A Stronger Voice for Women in the Media – NUJ survey results
20 April 2017
A survey of journalists and media workers in Scotland has revealed that 75 per cent of women have suffered discrimination at work, compared to just 16 per cent of men.
The most common forms of discrimination women face relate to promotion and career advancement opportunities (35 per cent), inappropriate comments (34 per cent) equal pay (31 per cent) and flexible working (20 per cent). Only 16 per cent of men who responded had encountered discrimination, the most common form being paternity issues with eight per cent reporting problems. Other problems men faced included flexible working, equal pay, promotion and career advancement opportunities (three per cent respectively) and inappropriate comments (two per cent).
The NUJ in Scotland undertook the survey as part of the Stronger Voice for Women in the Media project, funded via the STUC under the Trade Union, Fair Work and Modernisation Fund. The Scottish Government-backed project aims to achieve the objectives of the Fair Work Framework to give workers an effective voice, opportunity, job security, career fulfilment and respect. This can be done by improving representation in the workplace, offering greater training and development opportunities and addressing equality, sexism and issues of misrepresentation in the media and by the media.
Fiona Davidson, NUJ Scotland women’s project worker said:
"The most pressing issues raised in the survey include the need to address equal pay, how to get more women into senior management, and to target sexism, misogyny, macho attitudes and online abuse. Flexible working to address caring responsibilities of men and women also needs to be addressed along with the problems of precarious working and the impact on journalists’ financial situation and mental health.
"We expect employers to be keen to adopt a collaborative approach with their workers and the NUJ to end inequality and sexism both in the newsroom and in the news."
Paul Holleran, NUJ Scottish organiser said:
"The NUJ in Scotland has long advocated for equality of treatment and better conditions for our members. We believe that when employers are committed to developing and investing in their staff they can reap enormous rewards.
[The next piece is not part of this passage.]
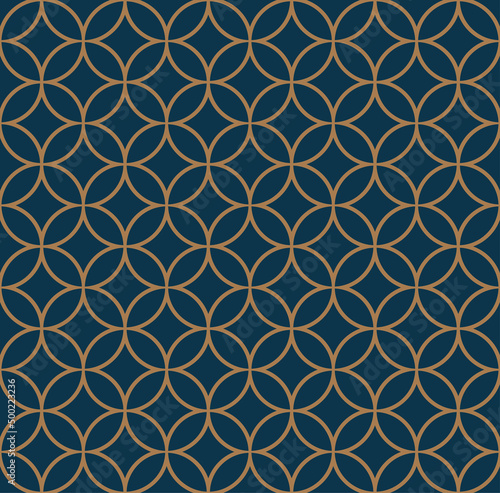 Art deco line art. Diamond grid pattern in gold and blue color. Decorative seamless background.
This survey and its results confirm the need for more to be done and the NUJ is keen to work with employers to do so.
"As a union we are aware of the difficulties faced by the ever growing number of freelances and casuals and are campaigning for better employment protection for all workers, regardless of employment status."
Of the responses, 60 per cent were from females, 40 per cent from males. The majority of respondents were white, heterosexual, non-disabled and 90 per cent were NUJ members.
The number of female respondents outnumbered males in all age categories up to the age of 50 but in the over 50 categories the number of females dropped dramatically. The broadcasting sector had the largest proportion of females with 31 per cent while national and regional newspapers tied for the highest proportion of males with 30 per cent each. The freelance sector tied with national newspapers for the largest sector overall with 26 per cent, closely followed by broadcasting with 25 per cent. Some 23 per cent of women and 17 per cent of men were freelance. While women gave family responsibilities as the main reason for going freelance, the most common reason among men was following redundancy.
Women were more likely to be in more precarious work with fixed term, zero hours or no contracts or part-time working hours compared to men, 72 per cent of whom had fulltime jobs. Only 53 per cent of women worked full time. Some 37 per cent of women felt they were treated differently because of their employment status, compared to 18 per cent of men. Differences in treatment included being paid less, no chance of promotion, less respect, feeling inferior, no pension, no bonus and having problems obtaining credit. One female responded: "Status = bottom of pile".
Of the female returns, 22 per cent said they were reluctant to speak up as they didn’t want to "rock the boat", lose work and money, risk being labelled a troublemaker or lose out on their contract being renewed and 10 per cent of males were reluctant to speak up for similar reasons.
More women felt their gender impacted on their career with 60 per cent saying yes, with 29 per cent reporting they felt their career had been steered in one direction and 47 per cent reporting they had felt judged on appearance or demeaned.
Equality in the workplace was promoted by 70 per cent of employers and a zero tolerance approach to lad’s mags and calendars adopted by 67 per cent of employers. Only 22 per cent confirmed their employer had a transparent pay structure and only 10 per cent knew that a domestic abuse policy was in place.
More males than females believed there was sufficient representation of women in senior roles, equality in leadership was promoted and that women were encouraged to apply for promotions.
Both men and women (almost 80 per cent) thought there was a problem with the way women and/or minority groups were represented in the media, but only 25 per cent of women and 10 per cent of men had ever complained to management.